Open FelippeRoza opened 7 years ago

FelippeRoza commented 7 years ago

I spend the weekend working in the multi-measure rest feature in order to make it able to deal with \compressFullBarRests, but something was going wrong. Then I realized that the current method to deal with multi-measure rest fails with some notation.

The following ly code is compiled with Frescobaldi generating a 2 bar sheet: { R1 R1 }

But it exports to MusicXML a single measure with two rests:

  <part-list>
    <score-part id="P1">
      <part-name />
    </score-part>
  </part-list>
  <part id="P1">
    <measure number="1">
      <attributes>
        <divisions>1</divisions>
        <time symbol="common">
          <beats>4</beats>
          <beat-type>4</beat-type>
        </time>
        <clef>
          <sign>G</sign>
          <line>2</line>
        </clef>
      </attributes>
      <note>
        <rest />
        <duration>4</duration>
        <voice>1</voice>
      </note>
      <note>
        <rest />
        <duration>4</duration>
        <voice>1</voice>
      </note>
    </measure>
  </part>
</score-partwise>
FelippeRoza commented 7 years ago

Apparently it works sometimes when bar division is explicitly declared with the symbol '|'. The lilypond compiler is somehow 'smarter' and is able to distribute the rests and notes to the appropriate measure without the bar symbols.

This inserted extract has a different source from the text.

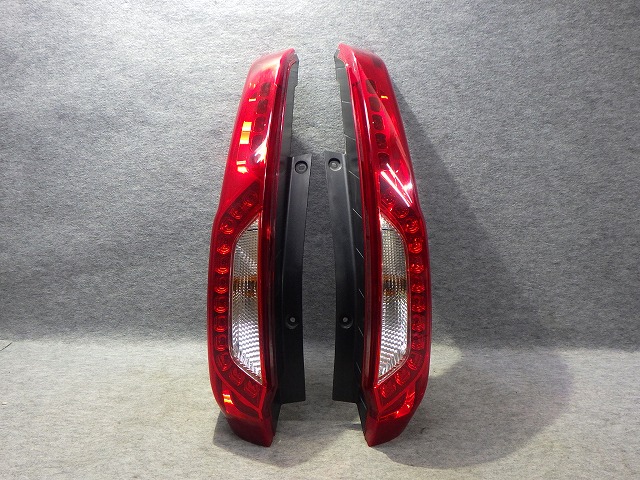【中古】エクストレイル　テール　左右　T31　NT31　後期　220-23308　26650/26555-3UB0A　260304223 中古 車 パーツ 中古パーツ 中古部品 カスタム 即発送 8,432円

uliska commented 7 years ago

This is a correct interpretation, and having to specify barchecks (the |) is one known limitation.

The problem for Frescobaldi/python-ly is that when you have any music expression it is hard to know where it will finally end up in a score. When LilyPond parses an expression it definitely knows that.

However, python-ly does have support for calculating lengths (notice the "Pos:" entry in the editor's status bar?), and figuring out if it is possible to make python-ly's exporter smarter in this regard would also be a valuable part of your project.

FelippeRoza commented 7 years ago

Right. I will try to figure out how Frescobaldi calculates the position of the element and how this can be used to solve this problem.